This hike goes deep into Domingo Baca Canyon, a rugged part of the Sandia Mountains. It continues to the site of the wreckage of a TWA flight that crashed into the mountain on February 19, 1955, killing 16 people. The hike covers quite a range of terrain over its length. The lower part is bare and rocky. The upper portion, which has flowing water, is lush and overgrown with greenery.
The hike to TWA canyon is not along an officially maintained trail. Do not attempt this hike by yourself - this is what most Sandia trail guide books tell you (I visited the TWA crash site 3 times, each time alone - well with Duchess. I found trail finding difficult the first time, and then in the winter it can be confusing if there is a lot of snow).
Take Tramway Boulevard north past Academy, and turn east to the Elena Gallegos Open Space parking area. Park at the northeast corner (N: 35 09 797, W: 106 28 199), 6511 feet elevation.
Follow Nature trail from the Elena Gallegos parking area towards the entrance to the Sandia Mountain Wilderness. There are signs along the way pointing the way to Domingo Baca Trail. The hike towards the Sandia Wilderness sign is about 0.75 miles (12 min).
You will come upon the ruins of an abandoned shelter (just its rock foundation is left), 1.7 miles (35 min).
The turn off to TWA Canyon is 0.2 miles from the shelter (40 min). You must be hiking along the streambed to find this turn-off. As you walk east along the stream, look closely to your right for a crude path taking you up the 20-foot embankment toward the southeast. There is sometimes a cairn marking this spot (but not today). If you miss this turn-off and continue up the stream, you will soon run into a dead end canyon blocked by a 30-40 foot high wall or rocks. N 35 10.886 W 106 27.594.
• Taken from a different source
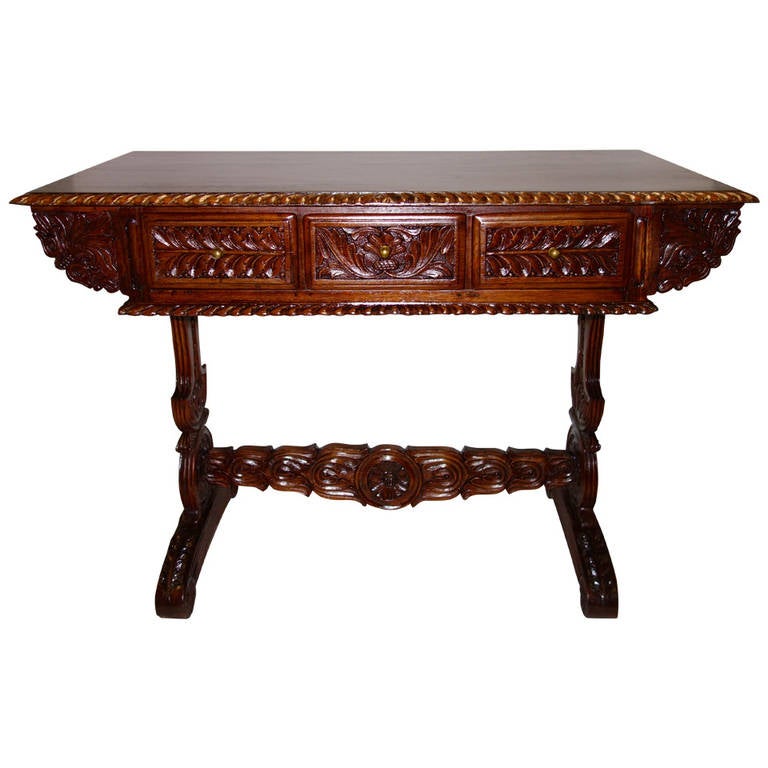 Table de bureau ou de canapé anglo-indienne du 19ème siècle en bois de rose sculpté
The good news is that once you scramble up the embankment, you will find a relatively good trail for the remaining 1.6 miles up to the crash site. However, the trail is quite steep, gaining about 1,400 feet in elevation over that distance.
The trail crosses some open, sandy terrain for a short distance. It then joins another stream, which it follows for the rest of the hike. You can find some camping spots in this area.
The hike up the canyon is pretty rugged and steep, through dense tree cover. Along the way, you may hear the Sandia Tram passing above you. The trail becomes less distinct as it makes its way up the canyon. There is a significant rock obstacle, about 10-15 feet high, that you must scramble up along the way.
After perhaps another 10 min walk through the dense foliage, you will come upon the first of the wreckage. There is a large portion of the fuselage with a large number 416 of the side, and two rubber tires. As you continue up the canyon there are hundreds of pieces of the plane strewn around, including parts of the engine, propeller, and landing gear.
The site is humbling and rather sad to visit. Please treat it with respect.
Parking fee at Elena Gallegos - 1$ on weekdays, 2$ on weekends.
Free camping in the wilderness area.
The Elena Gallegos parking area has a gate, which locks at 7PM, and does not open until 7 am.
Locals who know the area just park in the neighborhood (north of Elena Gallegos) and obviously have a free parking and a shorter approach to the Domingo Baca and TWA canyon.
Anywhere in the wilderness area.
This hike is just outside the city of Albuquerque, so plenty of hotel/motel type of accommodations are available.
There is rock climbing in the Domingo Baca canyon - mostly slab, some crack climbing. The rock is facing south, so you can climb there pretty much year round (unless there is a fresh snow fall covering the rock).
Please see attached album for photos of Domingo Baca rock or click here photo album
On Line Guide for rock climbing in Domingo Baca
Climbing in TWA canyon is more technical and requires a longer approach.
TWA crash in the Sandias was one of New Mexico's biggest air and ground searches. The plane took off at 7 am from Albuquerque airport for a 29 minute hop to Santa Fe. Three minutes later pilot radioed that the plane was off the ground and on its way. Then there was silence. The search was difficult due to violent snowstorms. The rugged west face of the Sandia Mountains yielded the scattered and burned wreckage of a Trans World Airlines plane. Bits of the plane were spotted from the air early Sunday morning (the accident happened on Saturday). Ground crews reached the desolate site of the crash near sundown. They reported no signs of life. The plane was about 10 miles off course and 13 miles from its point of takeoff. No one had an explanation as to why the plane apparently continued to swing in a tight right turn into the mountains after taking off in a southeasterly direction.